Chanel isn't the only brand that has been spurred into action by currency fluctuations, rampant grey market sales in China and a yawning global price gap. Last week, Tag Heuer said it would cut prices eight percent in Switzerland, China, and the US and 13 percent in Hong Kong to combat a price gap exacerbated by the recent Swiss currency revaluation. Other brands to recently announce price adjustments include Cartier and Patek Phillippe. This could be just the tip of the iceberg.
However, price drops alone won't cause a massive reversal of fortunes for luxury brands in mainland China. Despite photos of lines forming outside Chanel stores in China in the weeks preceding the price increase (which likely included a significant number of grey market sellers checking prices) and articles predicting a rebound for the brand, Chinese shoppers make roughly 70 percent of luxury purchases overseas for myriad reasons, with pricing just one piece of a much bigger puzzle.
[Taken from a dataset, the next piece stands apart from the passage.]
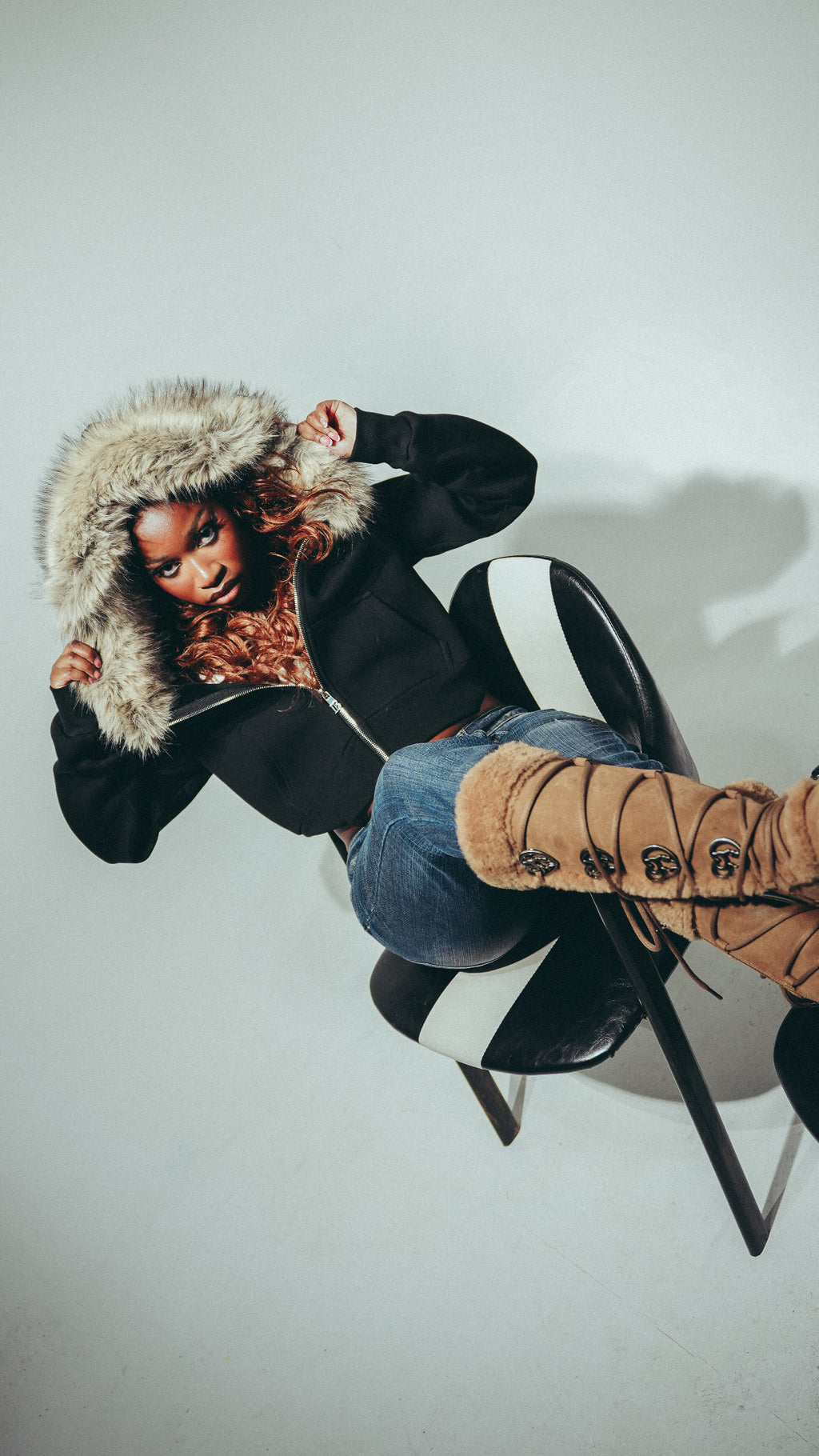 Women’s Cropped black Faux Fur Hoodie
The practice of buying luxury goods in Hong Kong, Japan, South Korea, Europe or the US is entrenched as what one does on overseas trips, especially as such travel becomes far more accessible for a growing number of mainland Chinese. Middle-class workers save up for big-ticket items to bring back to China, whether for themselves, friends and family, or to sell online. Meanwhile, the most affluent consumers (the Chinese VIPs coveted by the likes of Chanel) are spending an ever-greater amount of time and money abroad. As such, a price drop in Shanghai doesn't matter to someone who actively prefers to shop in Seoul or Seattle.
Some of the most fervent Chinese buyers of luxury goods are the US or Europe-based offspring of high-profile figures — who themselves have cut back on conspicuous consumption at home. Pricing adjustments may cause a bump in sales of small, lower-priced accessories in mainland China, since middle-class shoppers can't justify an intercontinental trip to save a few thousand yuan, but those overseas rich kids won't travel all the way home to shop at Chanel.
The factors that have long driven overseas purchases — greater prestige, better service and product selection, privacy and anonymity, lower taxes and, yes, prices — are structural and set in stone. Quite simply, China's most active luxury consumers are accustomed to buying abroad and see no compelling reason to stop now — unless price is their only concern. This is only the case for some grey market sellers or less affluent buyers, who do not make up luxury brands’ core consumer base anyway.
Chanel’s high-profile move to unify pricing worldwide is a good step, and other brands will undoubtedly follow suit. However, it may be too little, too late. Really, brands should have taken steps to make their prices more consistent before regular price increases took place in 2013 and 2014 and the ongoing anti-corruption crackdown sent China's many of wealthiest consumers on a permanent overseas shopping trip.
Avery Booker is a partner at China Luxury Advisors.